Here there’s an interesting tension, however. We want the world to challenge us, to stress-test our beliefs, to provide means of cultivating further awareness. But we don’t want too much. Too much stress, skepticism, cynicism — as with too much water — is too much. As it pertains to self-belief, it’s akin to drowning a fledgling plant. Fledgling plants love water, for sure, but too much will kill them. They can only take so much. They’re only fledgling plants, after all.
Thus we want, as striving self-believing individuals, to subject ourselves — our worldviews, our belief systems — to criticism, place them under the microscope of critical inspection. But we must also know when to listen to ourselves, to remove ourselves from criticism, so we can set about doing the work in tolerable conditions — that is, without the voice of doubt ringing in our ears. Basically, we want to believe our own hype, but we also want the world to believe it too — that’s the source of our pain, remember. The tension. The silver lining, though, is that it takes listening to why the world doesn’t already believe our hype to make it believe as we do. To make it recognise.
If we know ourselves to be something, though, isn’t it a contradiction to say the world might have something worthwhile to offer? Well, no, not exactly. For while we might know we are something — that we have something in us — we don’t necessarily know how, as in via what means, that something will ultimately come to be expressed. We know the direction, perhaps, but not the exact route. We have complete conviction, not utter omniscience. And there’s a difference.
In the end, we manifest with the world, not outside of it within a vacuum (quantum or otherwise). Our making real our beliefs, our aligning the two worlds, results from an intentional dialogue between the two realms — the inner and the outer. It requires our actively participating in the great unfolding, and, yes, turning a blind eye to the world when it’s too much — when we begin to drown. We are, to switch metaphors, marching to the beat of our own drum, but we are drumming in the context of a broader — indeed infinite — symphony. And naturally, our drum sounds better when it accords with the rest of the score. When its in rhythm. When it vibes.
Self-belief begins its life as an act of faith — a blind leap into the unknown. And ultimately, though it grows stronger over time — indeed more SOLID — it remains always thus — an act of faith. Self-belief is, above all, a willing embrace of the unknown, an attempt to alchemise mind into matter. It seems appropriate, then, that whenever one experiences the heartbreak inherent to a misalignment of beliefs — a clash between the inner and outer realms — one should call this fact to mind. The answer isn’t more belief, it’s more faith. Faith that the skepticism you face is a necessary step on your path towards the promised land. Faith that through hardship you will grow stronger. Faith that the world will one day know. Faith in the unfolding of the divine order. Faith in all things. Take action, sure, don’t be dogmatic — certainly. But have faith.
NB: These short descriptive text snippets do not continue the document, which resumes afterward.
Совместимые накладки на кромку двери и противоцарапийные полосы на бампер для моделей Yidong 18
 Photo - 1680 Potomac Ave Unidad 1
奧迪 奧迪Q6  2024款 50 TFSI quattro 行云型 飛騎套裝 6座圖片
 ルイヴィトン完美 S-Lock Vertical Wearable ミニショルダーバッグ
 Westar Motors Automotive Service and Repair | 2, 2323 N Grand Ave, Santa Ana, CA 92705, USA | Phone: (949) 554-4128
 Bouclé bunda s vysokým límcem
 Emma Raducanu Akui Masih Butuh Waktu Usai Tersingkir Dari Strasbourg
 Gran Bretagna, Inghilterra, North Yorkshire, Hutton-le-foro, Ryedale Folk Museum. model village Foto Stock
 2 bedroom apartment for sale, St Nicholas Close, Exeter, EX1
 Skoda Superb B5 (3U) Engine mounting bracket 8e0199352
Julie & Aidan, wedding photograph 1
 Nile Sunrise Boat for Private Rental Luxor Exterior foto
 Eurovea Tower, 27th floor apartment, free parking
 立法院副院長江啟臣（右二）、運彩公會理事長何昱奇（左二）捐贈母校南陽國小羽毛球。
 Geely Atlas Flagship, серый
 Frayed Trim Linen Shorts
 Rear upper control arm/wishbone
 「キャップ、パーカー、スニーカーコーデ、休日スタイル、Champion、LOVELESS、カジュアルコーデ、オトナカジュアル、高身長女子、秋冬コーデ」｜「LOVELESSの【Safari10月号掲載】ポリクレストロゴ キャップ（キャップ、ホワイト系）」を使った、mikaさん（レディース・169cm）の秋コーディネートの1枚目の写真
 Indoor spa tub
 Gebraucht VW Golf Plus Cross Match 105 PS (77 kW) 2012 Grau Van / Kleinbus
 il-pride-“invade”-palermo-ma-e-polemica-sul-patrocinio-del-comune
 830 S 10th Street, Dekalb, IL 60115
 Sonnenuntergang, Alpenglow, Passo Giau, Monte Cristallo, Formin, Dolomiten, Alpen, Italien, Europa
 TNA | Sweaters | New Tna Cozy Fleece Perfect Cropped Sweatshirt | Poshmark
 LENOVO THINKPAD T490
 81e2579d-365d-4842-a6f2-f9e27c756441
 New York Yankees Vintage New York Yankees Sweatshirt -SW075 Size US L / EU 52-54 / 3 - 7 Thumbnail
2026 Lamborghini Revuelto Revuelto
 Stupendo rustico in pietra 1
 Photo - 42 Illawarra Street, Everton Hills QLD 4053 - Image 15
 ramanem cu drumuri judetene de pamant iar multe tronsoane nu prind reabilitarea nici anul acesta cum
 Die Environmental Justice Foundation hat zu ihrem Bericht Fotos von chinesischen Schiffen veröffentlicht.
And one last thing. Remember, if you’re experiencing this tension — this visceral scream — you’re already winning. You hurt because you believe, because you dare to. And the real fear, in the end, is not that people won’t believe you, it’s that you won’t believe yourself. In a world that’s constantly telling us we’re less-than, reinforcing our apparent inferiority, to transcend the spell of doubt and insecurity and say “nah fuck that — you know what — I am worth something — I am something special” is a most subversive, indeed revolutionary, act. That’s the money right there, as the kids say. That’s the accomplishment. The rest is just icing and sprinkles. Remember that, above all.
You know — and only you know — and that’s enough in itself.
Things will unfold as they do, for they always do.